And Monica didn't deserve the grief.
His anger burned like a slow fuse. He understood about losing family: the void it created in your heart and your life. Maybe that was why he was now ignoring his own advice and striding to the door with Jimmy trailing in his wake. The woman better damn well be worth it, he thought.
Frohike resisted the urge to pound on the door. That might attract unwanted attention. Instead, he knocked softly, carefully watching the curtains on the window near the door where Jimmy swore he'd seem movement earlier.
He paid for his inattentiveness of the door when it was yanked open suddenly. He barely had time to register the steely grip of a hand on his collar before he was pulled roughly into the house and slammed up against the wall. The cold metal of a gun barrel jammed firmly under his chin was unmistakable.
Frohike heard Jimmy suck in his breath and sent a silent prayer that the kid wouldn't do anything rash.
The look of blind fury was evident in Yves's eyes. "What…" she said through clenched teeth, "do you want?"
"Your sister sent me," Frohike managed to say. "She's worried about you."
She pushed the gun tighter against his neck. "Message received," she said slowly. "Now leave before I ventilate your throat."
They stared at each other, the tension thick in the air. He had little doubt she would follow through with her threat but he had made a promise and he was going to keep it.
"You won't pull the trigger, Sugar" Frohike said mustering a confident, nonchalant tone despite his racing pulse.
Yves raised one eyebrow. "Oh? Why not?"
"The neighbors will hear the gunshot for one," Frohike said. "Second: talk of it will bring a great deal of unwanted attention your way. I'm sure you know exactly who I mean. Now, why don't you put the hardware away and we can have a little chat."
Yves studied him a moment, then the pressure against his throat eased as she lowered her weapon. She stepped back allowing him to stand on his own. Frohike pushed away from the wall, and shrugged his coat back into place, giving himself time to calm his jangled nerves.
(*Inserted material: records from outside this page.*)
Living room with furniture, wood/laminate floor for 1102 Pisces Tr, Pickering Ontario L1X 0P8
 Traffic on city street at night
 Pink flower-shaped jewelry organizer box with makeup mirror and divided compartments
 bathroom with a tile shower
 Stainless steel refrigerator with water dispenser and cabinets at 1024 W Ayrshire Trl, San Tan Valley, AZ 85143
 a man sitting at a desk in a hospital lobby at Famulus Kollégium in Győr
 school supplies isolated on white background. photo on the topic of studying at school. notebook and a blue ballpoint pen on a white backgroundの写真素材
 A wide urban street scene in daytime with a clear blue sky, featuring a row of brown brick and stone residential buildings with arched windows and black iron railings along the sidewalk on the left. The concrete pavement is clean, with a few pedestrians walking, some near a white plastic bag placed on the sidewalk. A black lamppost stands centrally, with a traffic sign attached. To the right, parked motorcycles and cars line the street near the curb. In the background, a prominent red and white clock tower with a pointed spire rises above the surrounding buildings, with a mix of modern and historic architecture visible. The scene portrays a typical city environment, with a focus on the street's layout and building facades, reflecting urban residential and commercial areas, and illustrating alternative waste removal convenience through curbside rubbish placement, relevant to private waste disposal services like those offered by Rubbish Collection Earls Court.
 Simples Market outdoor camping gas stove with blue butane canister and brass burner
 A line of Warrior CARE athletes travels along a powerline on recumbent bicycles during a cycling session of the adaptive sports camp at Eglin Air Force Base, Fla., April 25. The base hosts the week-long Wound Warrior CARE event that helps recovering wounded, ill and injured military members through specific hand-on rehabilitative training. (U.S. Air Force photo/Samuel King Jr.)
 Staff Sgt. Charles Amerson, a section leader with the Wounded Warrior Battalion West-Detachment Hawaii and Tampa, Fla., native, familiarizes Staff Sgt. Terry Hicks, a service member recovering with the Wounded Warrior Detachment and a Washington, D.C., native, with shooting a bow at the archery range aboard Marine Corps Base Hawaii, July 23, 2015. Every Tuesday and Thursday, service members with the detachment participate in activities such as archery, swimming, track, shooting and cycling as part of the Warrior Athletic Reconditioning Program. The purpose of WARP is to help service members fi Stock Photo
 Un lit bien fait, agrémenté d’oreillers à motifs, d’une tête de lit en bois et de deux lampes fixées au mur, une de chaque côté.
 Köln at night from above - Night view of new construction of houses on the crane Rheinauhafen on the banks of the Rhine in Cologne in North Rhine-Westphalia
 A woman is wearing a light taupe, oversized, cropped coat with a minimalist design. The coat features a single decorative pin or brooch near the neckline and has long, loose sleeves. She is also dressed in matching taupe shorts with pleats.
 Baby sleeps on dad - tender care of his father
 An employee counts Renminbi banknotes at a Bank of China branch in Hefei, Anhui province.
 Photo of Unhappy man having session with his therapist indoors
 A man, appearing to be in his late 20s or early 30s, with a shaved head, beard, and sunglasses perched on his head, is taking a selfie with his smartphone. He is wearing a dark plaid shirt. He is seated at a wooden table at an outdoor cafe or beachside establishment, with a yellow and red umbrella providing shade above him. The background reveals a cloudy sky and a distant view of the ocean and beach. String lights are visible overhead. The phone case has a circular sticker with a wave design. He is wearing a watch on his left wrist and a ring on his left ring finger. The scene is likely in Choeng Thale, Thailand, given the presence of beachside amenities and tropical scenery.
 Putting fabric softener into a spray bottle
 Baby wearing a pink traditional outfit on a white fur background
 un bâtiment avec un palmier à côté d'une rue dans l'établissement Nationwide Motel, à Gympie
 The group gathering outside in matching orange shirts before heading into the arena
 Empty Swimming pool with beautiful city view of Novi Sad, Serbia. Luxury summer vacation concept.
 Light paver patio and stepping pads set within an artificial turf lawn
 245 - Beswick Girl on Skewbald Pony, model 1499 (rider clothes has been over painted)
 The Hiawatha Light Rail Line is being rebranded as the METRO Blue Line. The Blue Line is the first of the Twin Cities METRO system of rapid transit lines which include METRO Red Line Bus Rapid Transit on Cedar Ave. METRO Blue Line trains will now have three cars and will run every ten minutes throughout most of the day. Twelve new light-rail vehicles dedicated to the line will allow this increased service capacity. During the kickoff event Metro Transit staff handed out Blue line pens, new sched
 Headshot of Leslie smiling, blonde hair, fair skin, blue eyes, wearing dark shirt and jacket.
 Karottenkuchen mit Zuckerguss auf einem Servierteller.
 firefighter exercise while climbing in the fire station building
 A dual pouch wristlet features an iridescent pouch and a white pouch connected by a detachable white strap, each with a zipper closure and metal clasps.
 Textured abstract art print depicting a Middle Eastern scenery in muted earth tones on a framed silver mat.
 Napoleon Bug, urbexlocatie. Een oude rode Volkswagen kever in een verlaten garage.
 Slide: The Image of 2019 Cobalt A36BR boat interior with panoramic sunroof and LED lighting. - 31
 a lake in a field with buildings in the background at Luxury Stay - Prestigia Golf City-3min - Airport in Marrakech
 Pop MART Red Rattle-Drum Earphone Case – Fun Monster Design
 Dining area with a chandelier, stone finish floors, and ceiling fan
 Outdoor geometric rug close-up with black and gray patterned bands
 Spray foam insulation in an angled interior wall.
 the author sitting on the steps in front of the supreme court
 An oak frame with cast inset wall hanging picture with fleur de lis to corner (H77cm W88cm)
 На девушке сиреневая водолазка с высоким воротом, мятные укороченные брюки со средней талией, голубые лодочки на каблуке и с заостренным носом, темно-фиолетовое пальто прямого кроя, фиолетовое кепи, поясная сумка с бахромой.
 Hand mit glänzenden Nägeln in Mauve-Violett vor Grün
He turned to see Yves with one hand on the still open door blocking Jimmy's entrance into the house.
"He's with me, Sugar," the detective said to further lesson the tension that radiated off her. "Don't worry, he's harmless."
Yves narrowed her eyes at him. "Your recommendation is reassuring," she retorted but she opened the door further to allow Jimmy to enter.
She closed the door, locked it and said dangerously. "And Frohike? I don't care who hears but if you call me 'Sugar' one more time, I will shoot you."
When Langly saw Yves enter the kitchen with the two men he jumped to his feet, crumpling the piece of paper he had been working on. "Who the hell are they?" he demanded.
Yves noticed the befuddled scientist routine that he'd employed off and on since she first met him was distinctly missing. She raised an eyebrow at him, keeping her tone calm.
"I'm sure you remember Mr. Bond. This is Mr. Frohike. He's a private detective sent to find us."
Langly's face turned ghost white. "A private dick?" The anger in his voice barely masked the fear. "How did you find us? Why were you even looking for us? Do you realize how much danger you're putting us in?"
Frohike, taking an instant dislike to the man, turned to Yves. "Can't you send him away to play with his chemistry set?"
"Chemistry set?" Langly sputtered, outraged. "What I do is far more important than…"
"Um, guys," said Jimmy interrupted the tirade. "…the bad guys."
"Where?" Yves' gun made a sudden reappearance as she stepped closer to Langly, pulling him away from the windows.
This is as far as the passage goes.